## Problem details
Your answer should be an exact copy of the lines from the one holding "2025 TAKEUCHI TB250-2CR" to the end of the material below, pictures left out.

## Record excerpts
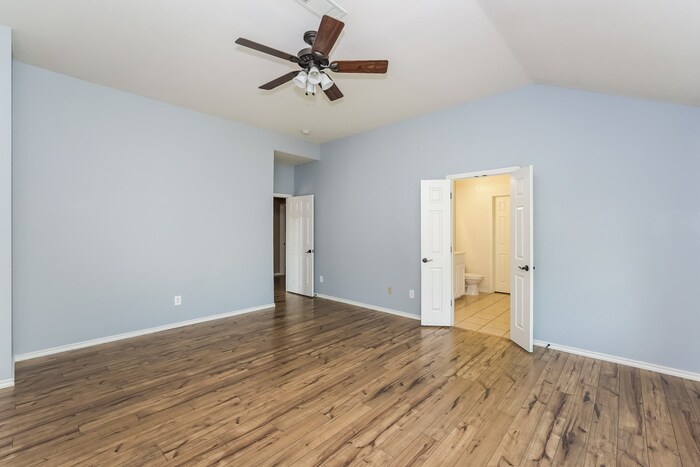 Building Photo - 9865 Gallatin Ln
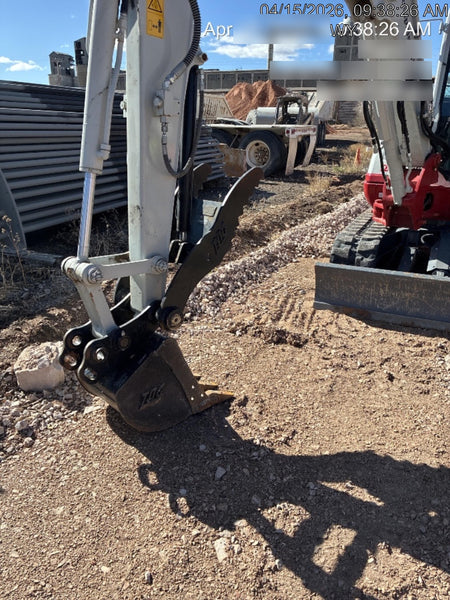 2025 TAKEUCHI TB250-2CR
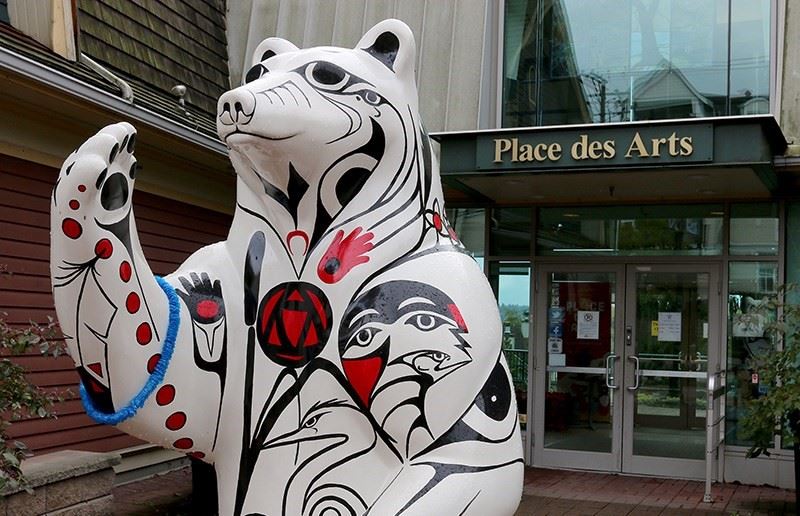 Sto Lo - sculpture of a Spirit Bear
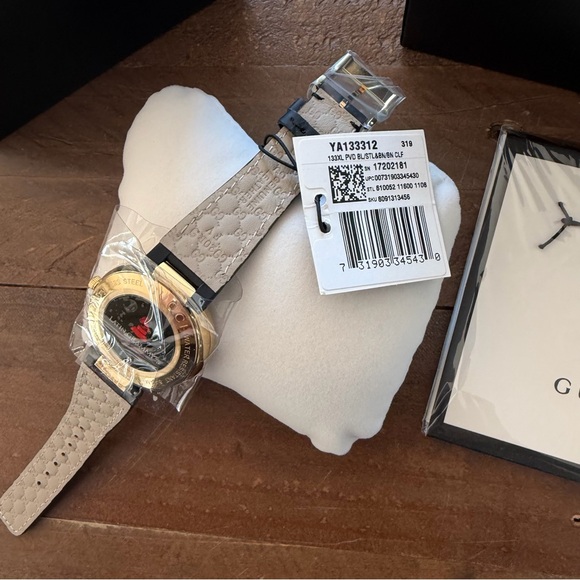 Gucci YA133312 Interlocking-G Grammy Special 37MM Unisex Black Leather Watch - Picture 3 of 8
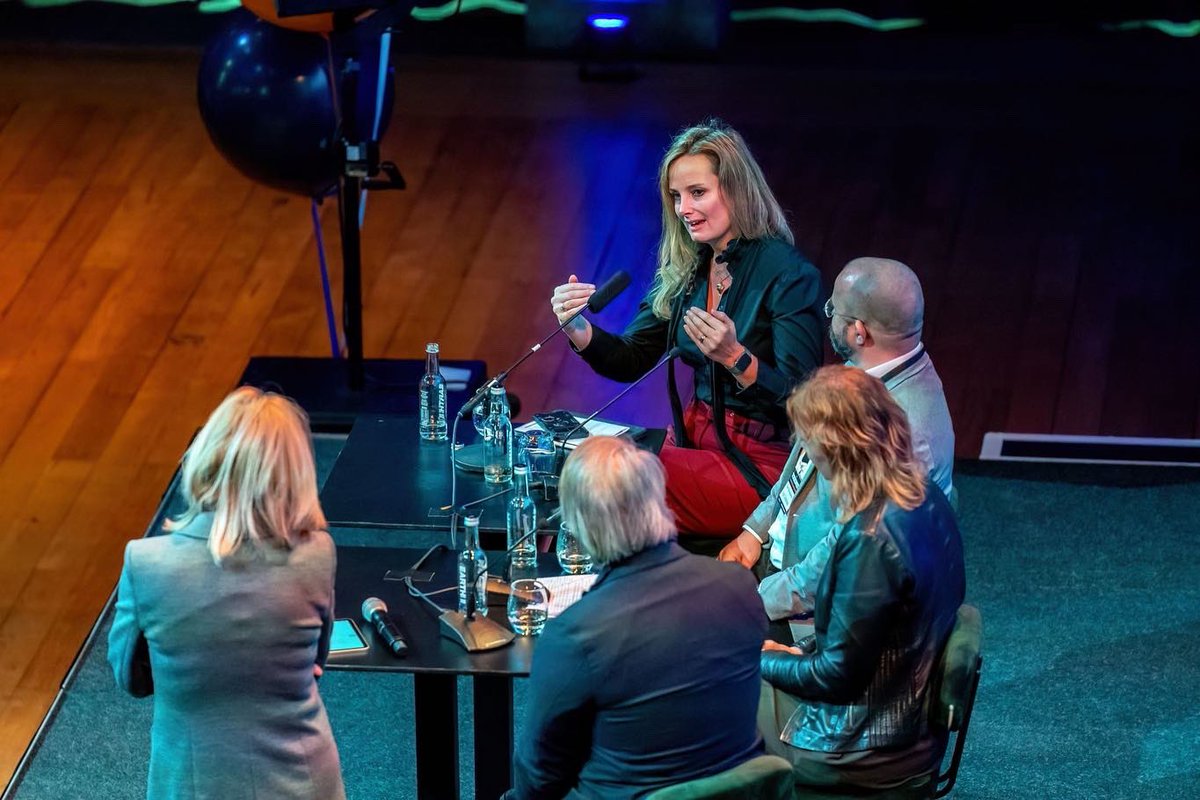 Angelique4real's tweet photo. What a great day last Thursday at the the Future of Payments event (Toekomst van het Betalingsverkeer). Joined the panel discussion on what the future brings for FinTechs and Banks now the honeymoon-phase is over.

#fintech #payments #toekomstvanhetbetalingsverkeer #future #event https://t.co/R8BnXnuA6w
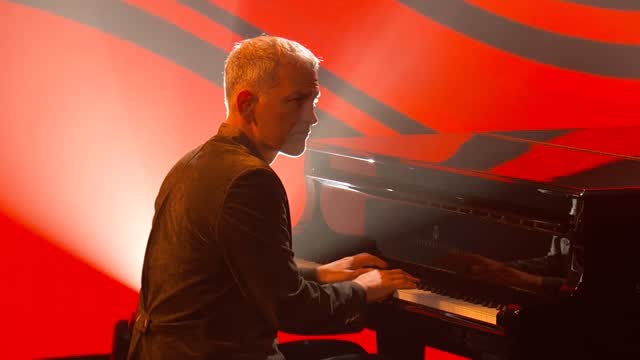 @BradMehldauOfficial performs Colorbars with @ChrisThile @FelixMoseholm & @MattChamberlainnmusic!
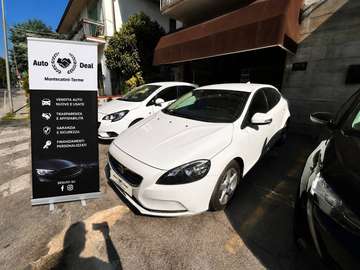 Volvo V40 D2 Kinetic – Design nordico e qualità senza tempo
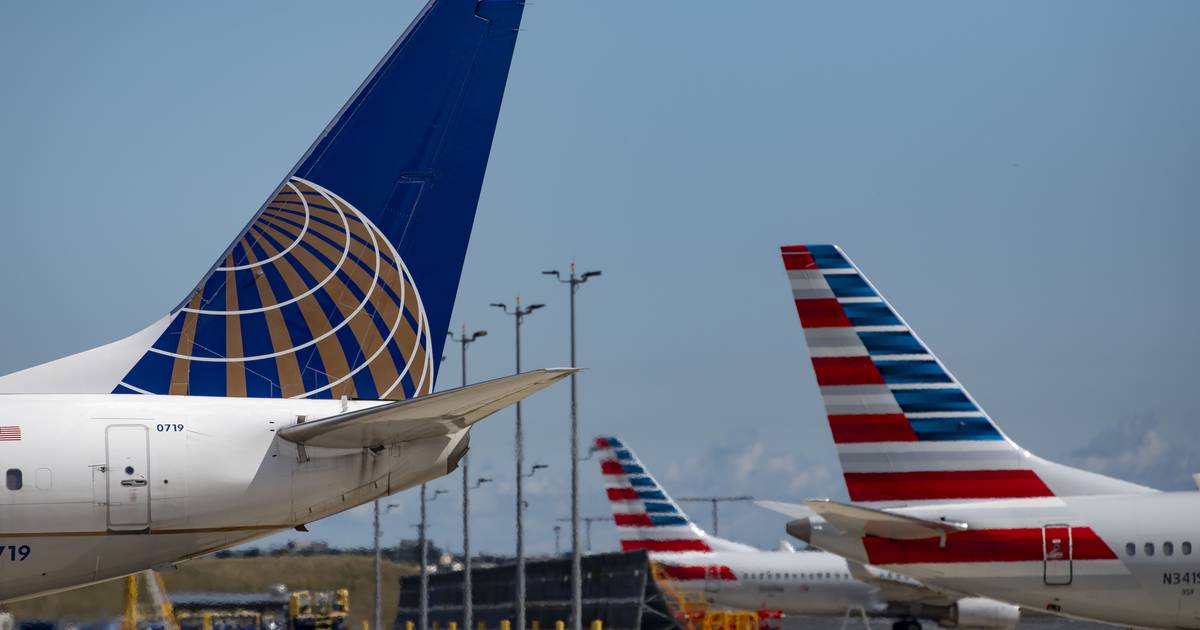 Featured image for "Terrifying Descent: United Jet Plummets 28,000 Feet in 8 Minutes Due to Cabin Pressure Scare"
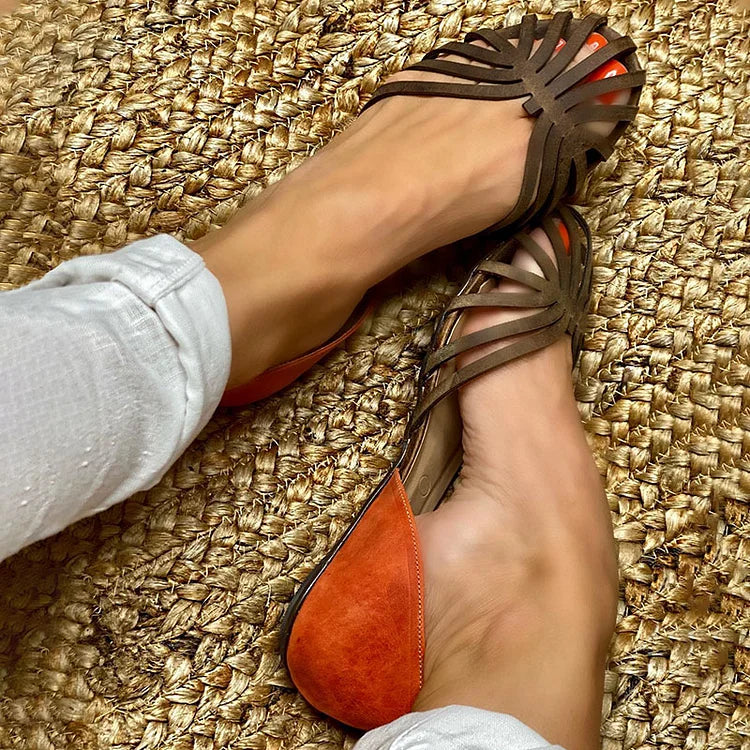 GIADA | Elegant carved sandals with refined bicolour detail - Threadford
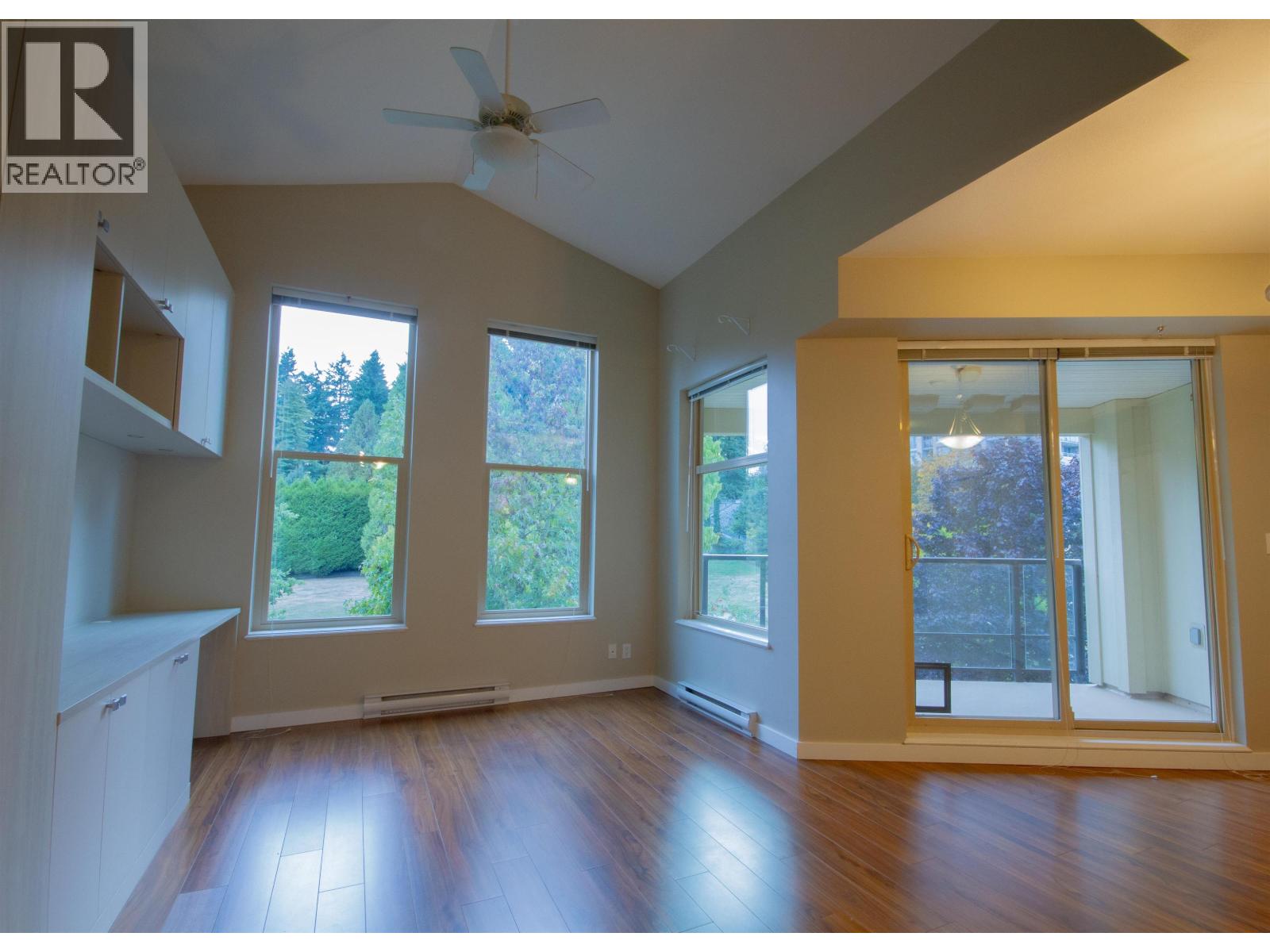 402 265 Ross Drive, New Westminster, British Columbia  V3L 0C8 - Photo 4 - R3174612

## Task result
 2025 TAKEUCHI TB250-2CR
 Sto Lo - sculpture of a Spirit Bear
 Gucci YA133312 Interlocking-G Grammy Special 37MM Unisex Black Leather Watch - Picture 3 of 8
 Angelique4real's tweet photo. What a great day last Thursday at the the Future of Payments event (Toekomst van het Betalingsverkeer). Joined the panel discussion on what the future brings for FinTechs and Banks now the honeymoon-phase is over.

#fintech #payments #toekomstvanhetbetalingsverkeer #future #event https://t.co/R8BnXnuA6w
 @BradMehldauOfficial performs Colorbars with @ChrisThile @FelixMoseholm & @MattChamberlainnmusic!
 Volvo V40 D2 Kinetic – Design nordico e qualità senza tempo
 Featured image for "Terrifying Descent: United Jet Plummets 28,000 Feet in 8 Minutes Due to Cabin Pressure Scare"
 GIADA | Elegant carved sandals with refined bicolour detail - Threadford
 402 265 Ross Drive, New Westminster, British Columbia  V3L 0C8 - Photo 4 - R3174612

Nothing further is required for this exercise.